Per quanto riguarda la legge Fornero io sono d’accordo che, gradualmente, vada superata. Il problema non è dire Quota 100: troppo facile. Il punto è come si fa. Partire da 62 anni con un minimo di 38 di contributi fa 100: ma se hai 63 anni fa 101, e via andando. Quota 100, nella proposta del Governo, non c’è più, perché è mediamente Quota 102. Meglio di niente. Detto questo però, se per racimolare risorse si cancellasse, ad esempio, l’Ape sociale (che è Quota 99 per le 15 categorie di lavori gravosi, Quota 93 per i disoccupati e 91 per le disoccupate con due figli), si danneggerebbero i lavoratori manuali e le lavoratrici.

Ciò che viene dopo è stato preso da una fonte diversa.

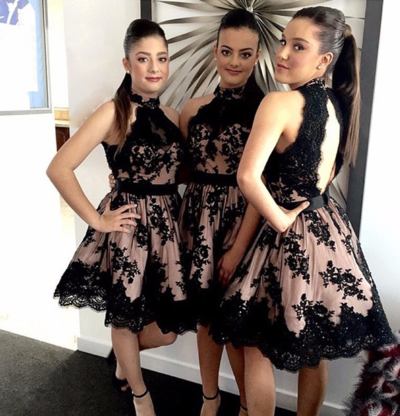 Charming Open Back Short Prom/Bridemsiad Dress With Black Lace
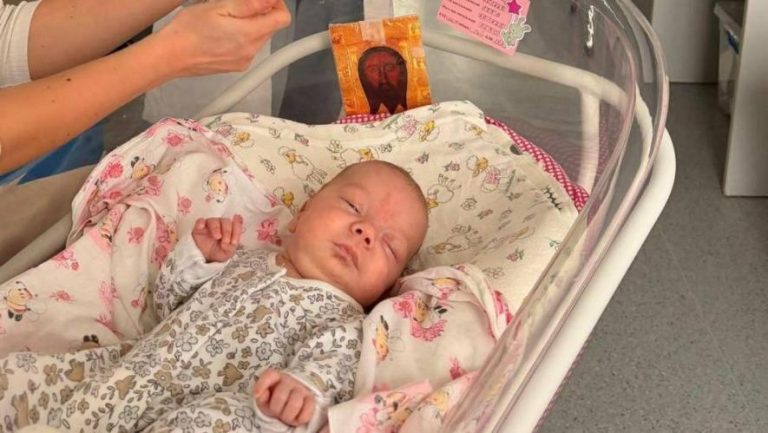 У Львові врятували 1,5-кілограмове немовля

Qual è il problema? È che le risorse non bastano per fare quello che dice il Governo: i conti dell’Inps, forniti alla Commissione lavoro della Camera nella scorsa legislatura parlano chiaro, se non si cambiano adesso le carte in tavola: 6-7 miliardi per la Quota e 6 miliardi per andare in pensione con 41 anni di contributi a prescindere dall’età. Salvini dovrà decidere chi buttare dalla torre perché i soldi non ci sono. Perché insisto nel dire che bisogna superare gradualmente la legge Fornero? Perché la Corte dei Conti ci ha spiegato che il sistema previdenziale non è stato messo al sicuro dalla legge del Governo Monti, ma da un insieme di riforme: Maroni nel 2004, Damiano nel 2007, Berlusconi nel 2010 e, anche, Fornero nel 2011: quest’ultima vale un terzo dei risparmi che verranno totalizzati dal 2004 al 2050, che ammontano alla cifra astronomica di 900 miliardi di euro, pari a 60 punti di Pil”. “Quindi, si può tranquillamente smettere di dire falsità: la legge Fornero, già intaccata dalle leggi volute dal Pd, non è né un totem intoccabile né l’architrave che regge la sostenibilità del sistema previdenziale. Si può superare. Quando si comincerà a fare un dibattito serio e non demagogico- ideologico sul sistema pensionistico? Non è mai troppo tardi”,
Damiano ricorda, inoltre, che 15 categorie di lavoratori gravosi più gli usuranti, hanno già ottenuto il blocco dell’aggancio dell’età della pensione all’aspettativa di vita. Eliminare l’Ape sociale sarebbe, dunque, molto dannoso per una vasta platea di lavoratori. Si tratterebbe, al contrario, di renderla strutturale”. “Se poi questa scelta dovesse cancellare anche l’Ape volontaria, che prevede alcune penalizzazioni, toglieremmo la possibilità di andare in pensione a 63 anni con soli 20 di contributi. È una possibilità che favorisce chi ha svolto lavori discontinui, in particolare le donne – dice Damiano -. Come si vede, le pensioni vanno maneggiate con cura, altrimenti si può peggiorare la situazione. Damiano incalza il nuovo esecutivo anche a realizzare la nona e definitiva salvaguardia per gli esodati; a intervenire sul Jobs Act rendendo strutturali gli incentivi per le assunzioni a tempo indeterminato.